Okay, first a disclaimer: your favorite brewery probably isn’t on this list. Last time we counted, there are something like one million breweries in operation in the United States. There are so many breweries that, if you’re reading this, and of drinking age, there’s a good chance that you own a brewery yourself. And we have no doubt that it’s absolutely amazing. Kudos to you. But is it “the best?” And what does “the best” even mean, really? It’s a completely subjective idea—one man’s garbage is another man’s gose. So, for this list, we ran all one million breweries through a scientific algorithm developed by NASA dropouts that gave a certain amount of points to winners of our monthly blind tastings where we rank specific styles of beer, and a certain amount of points to medal winners at major beer competitions like the Great American Beer Festival and World Beer Cup, and a certain amount of points to breweries who did really cool things in 2018. Then we looked at the results of that algorithm and carried the one because the NASA dropouts forgot to do that, and then we got really nervous about the list because if they forgot to carry the one, then what else did these failed rocket scientists forget to do?

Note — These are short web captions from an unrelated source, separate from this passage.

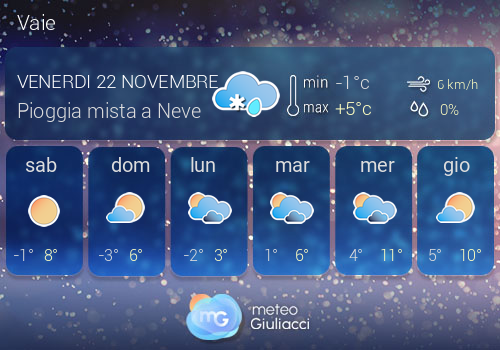 Previsioni Meteo Vaie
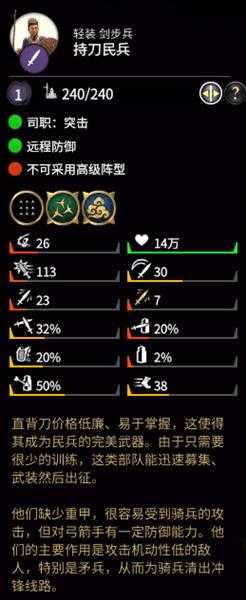 《全面战争：三国》持刀民兵属性分析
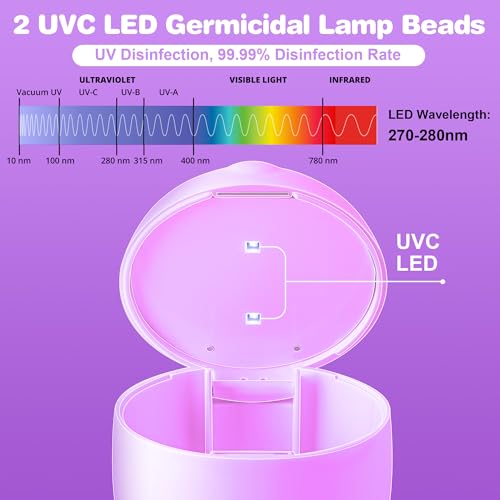 Qualirey جهاز تعقيم مصاصة كوالي راي المحمول، تعقيم ضوء UV صغير، تعقيم بنسبة 99.99% في 3 دقائق، قابل لإعادة الشحن عبر USB، صندوق تعقيم UV-C صغير لمصاصة الأطفال، حلمات الزجاجات، عضاضات (أبيض) - Image 3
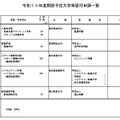 令和10年度開設予定大学等認可申請一覧（大学を設置するもの）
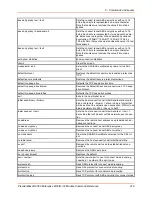 Preview for 219 page of Lantronix PremierWave 2050 Command Reference Manual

So we double checked all of the breweries on that list with our Magic 8 Ball. In the end, we came up with this: the seven best breweries in 2018. Read it, laugh and cry, get angry, high five each other and debate amongst yourselves.
Monday Night Brewing
The initial concept behind Monday Night Brewing was to brew beers for the weeknight. Easy drinking, balanced beers meant to be enjoyed with food. So, it makes sense that Monday Night would eventually create a beer that would win our Best Pale Ales. After several years brewing fan favorites like Slap Fight IPA and Draft Kilt scotch ale, Monday Night beat out big hitters in the pale ale category (Maine Beer, Cigar City, Toppling Goliath…) to earn top honors in what is one of the most competitive beer styles in the country. And here’s the thing: Han Brolo is kind of weird. It’s not your typical pale because it’s brewed with lactose and comes out hazy and hoppy as hell. It’s only 4.7%, but you could easily slip this beer into an IPA tasting and nobody would second guess your decision. Although there’s no need for subterfuge because Monday Night landed a beer in the top 10 spot for our Best IPAs blind tasting too. Their blind tasting success in 2018 just proves that winners keep winning; Monday Night had a hell of a 2017, winning two medals at GABF and opening a second brewery in Atlanta to handle the demand for barrel aged beers. So, 2018 basically saw more of Monday Night. More of their standards like Han Brolo, more of their seasonals (they brought back Dust Bunny, their hazy IPA and put Drafty Kilt on nitro) and more of their limited release Black Tie and Garage series, most notably releasing three variants of Bourbon Barrel Aged Drafty Kit recently. Oh, and Monday Night is even into whiskey now; they’ve partnered with ASW Distillery to release a single malt. And it’s good. But you probably guessed that already.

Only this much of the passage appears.